De aquella cruz de piedra, solemne y antigua, nada se supo. La desmontaron y un día desapareció del centro del claustro, como también desapareció la espléndida fuente de piedra con escalones que era el alma de aquel jardín secreto, donde el agua entraba y salía constantemente repartiendo sus sonidos por las piedras del claustro. En los años cuarenta y cincuenta era habitual que los niños que hacían la Primera Comunión se fotografiaran delante de la cruz y de la fuente.
Hace unos años, cuando se llevó a cabo una amplia reforma del recinto, cuando se hacían las excavaciones reglamentarias salió a la luz una red hidráulica de tiempos remotos que atravesaba el suelo del claustro. Estas corrientes subterráneas pasan por debajo del suelo de La catedral y en otra época nutrían a la fuente del claustro y al pilar que antiguamente existía frente a la torre del templo, que abastecía de agua a toda la vecindad. Cuando había largos períodos de sequía y la mayoría de los surtidores de la ciudad se quedaban agotados, el manantial del templo era el único que seguía dando agua.
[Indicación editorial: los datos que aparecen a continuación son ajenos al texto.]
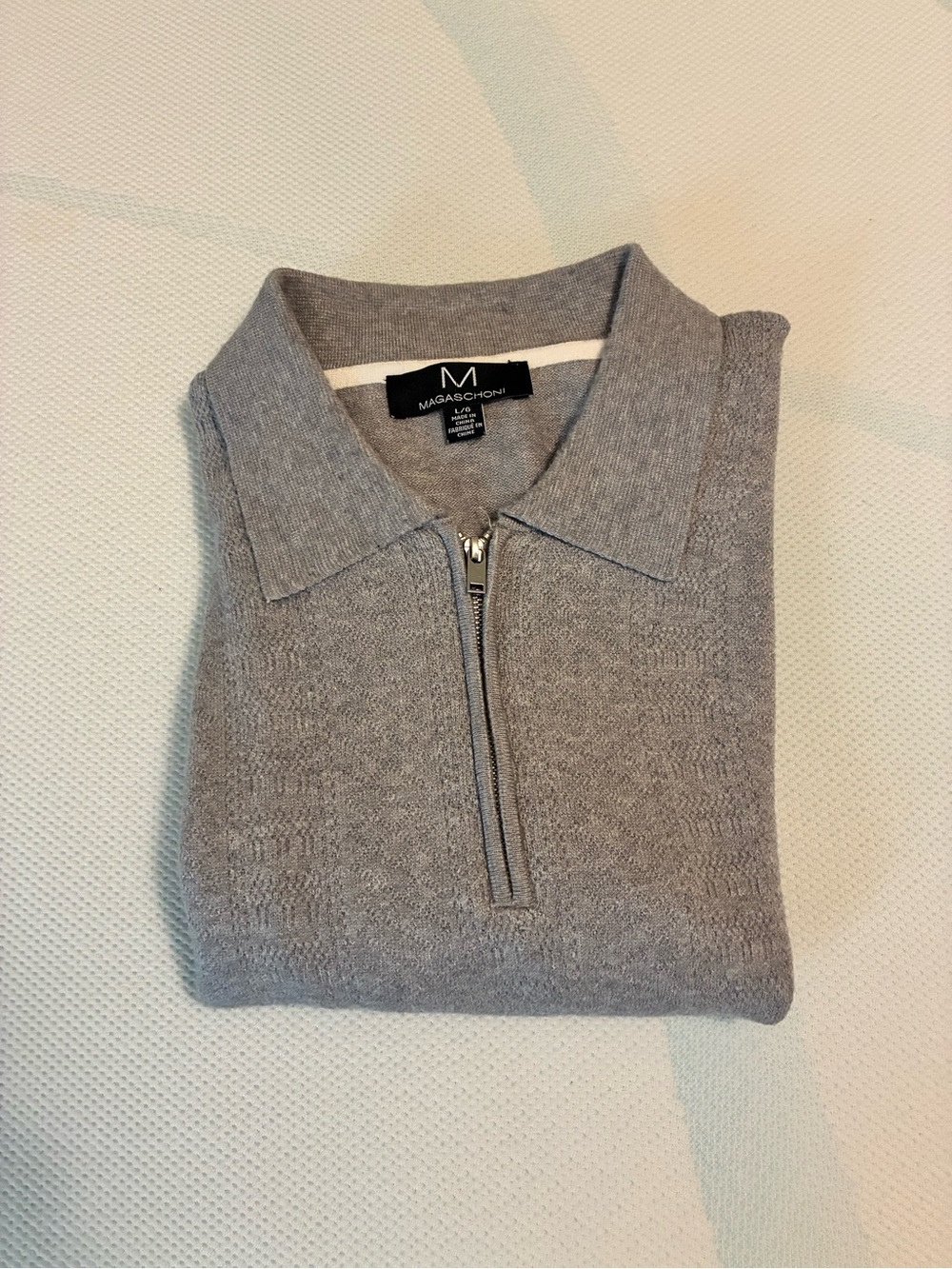 Magaschoni Men’s Light Gray Zip Polo Sweater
Lo que no se sabe con certeza es si este brote de agua nace en el mismo entorno de La Catedral o llega de fuera. En las mencionadas obras de reforma del claustro aparecieron las acequias que conducían al agua y también una red de enterramientos bajo el suelo de las que las autoridades eclesiásticas no tenían ningún conocimiento.
Las tumbas, que se encontraban en la parte sur del atrio, eran antiguas, probablemente del siglo diecisiete, cuando el jardín se utilizó también como osario. Estos restos encontrados en las últimas excavaciones se rescataron y fueron enterrados en la cripta oficial del claustro, situada en la misma entrada, en un sótano al que se accede bajando unos escalones.
El claustro era el pulmón de la fortaleza, la luz, el color. Después de recorrer las capillas sombrías de la Catedral, donde reinaban los silencios, el murmullo de las oraciones y la luz tímida de las velas, entrar en el claustro era como reencontrarse con un Dios más cercano y sencillo, el que estaba presente en el canto de los pájaros que revoloteaban en los árboles, el Dios que se derramaba por el manantial de agua que manaba de la fuente, el Dios que nos abría los brazos a los niños del barrio cuando en las mañanas de vacaciones nos colábamos en aquel espacio sagrado burlando la vigilancia del sacristán.
El claustro nos ofrecía un mundo que no encontrábamos dentro del templo. Bajo su pórtico corríamos y jugábamos a escondernos detrás de las columnas y entre la vegetación exuberante que en aquellos tiempos de cierto abandono ocupaba casi todo el espacio central. En la Feria de 1965, el cabildo intentó acercar el claustro a la parroquia y a la calle, organizando una exposición de arte almeriense que tuvo su momento más importante con los recitales que allí ofrecieron los maestros Richoly, Barco y Cuadra. Fue el último gran acto que allí se celebró.
Los años setenta trajeron la clausura casi absoluta del claustro, que sólo se abría cuando los hermanos de la cofradía de Estudiantes lo utilizaban para colocar allí su cruz de mayo o cuando en el mismo mes de las flores las mujeres de la parroquia sacaban en procesión a la virgen bajo los soportales del gran patio.